Text
Kajian Sinkronisasi Pembangunan Pabrik Pengolahan dan Pemurnian Mineral dengan Energi Gheotermal
Selain bahan bakar minyak, gas dan batubara yang selama ini
digunakan sebagai bahan pembangkit listrik, maka panas bumi
(geothermal) yang dimiliki oleh suatu daerah dapat dimanfaatkan
sebagai pendukung pabrik pengolahan dan pemurnian mineral.
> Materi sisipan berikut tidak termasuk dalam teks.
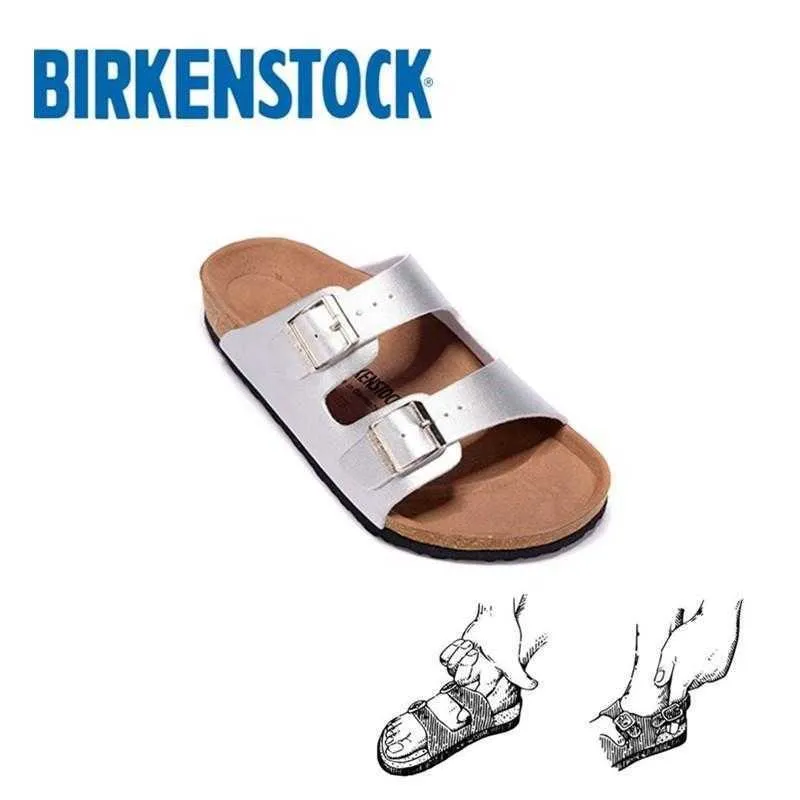 German Slippers Designer Birkinstocks Summer Arizona Women's Shoes Flat Men's Shoes Cork Couple Sandals Beach Shoes Tide XMI9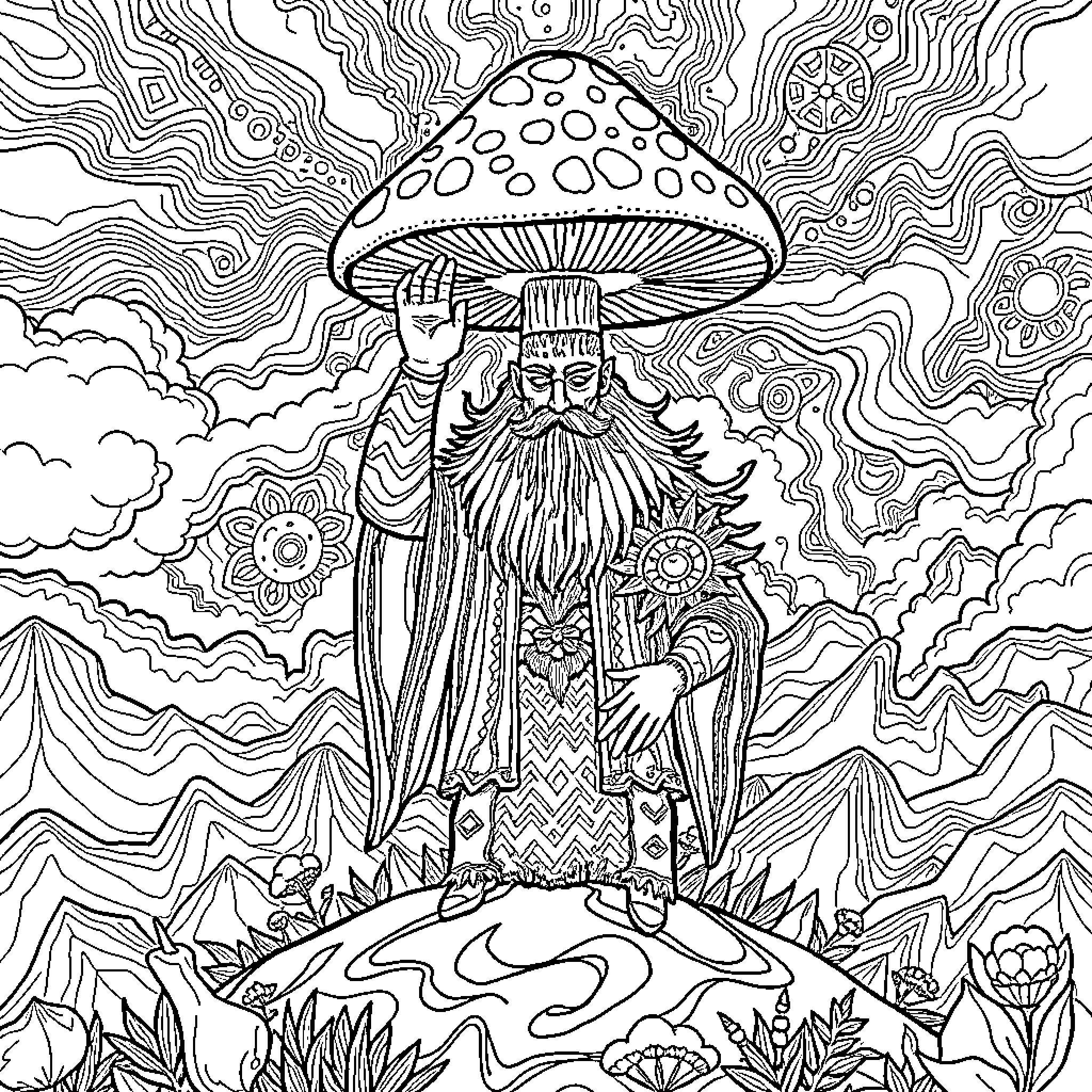 God's Mystical Mushroom Encounter Coloring Page (free black-and-white line drawing printable PDF for all, from beginners to advanced learners, including children, teens, adults, and seniors)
Hal ini
dapat dimengerti, mengingat Indonesia merupakan Negara yang
mempunyai potensi panas bumi paling besar didunia yakni mencapai
29,038 GW atau setara dengan 40% kandungan panas bumi dunia.
Namun, hingga saat ini pemanfaatannya masih kecil yaitu sekitar 4,5
% dari keseluruhan potensi yang ada. Sangat beralasan apabila
pemerintah lebih memprioritaskan pemanfaatan energi panas bumi
daripada energi fosil lainnya, karena energi panas bumi merupakan
energi terbarukan, lebih ramah lingkungan dan jumlah cadangannya
besar. Selain itu dalam kebijakn energi nasional mengamanatkan
bahwa bauran energi tahun 2025 untuk energi baru terbarukan (EBT)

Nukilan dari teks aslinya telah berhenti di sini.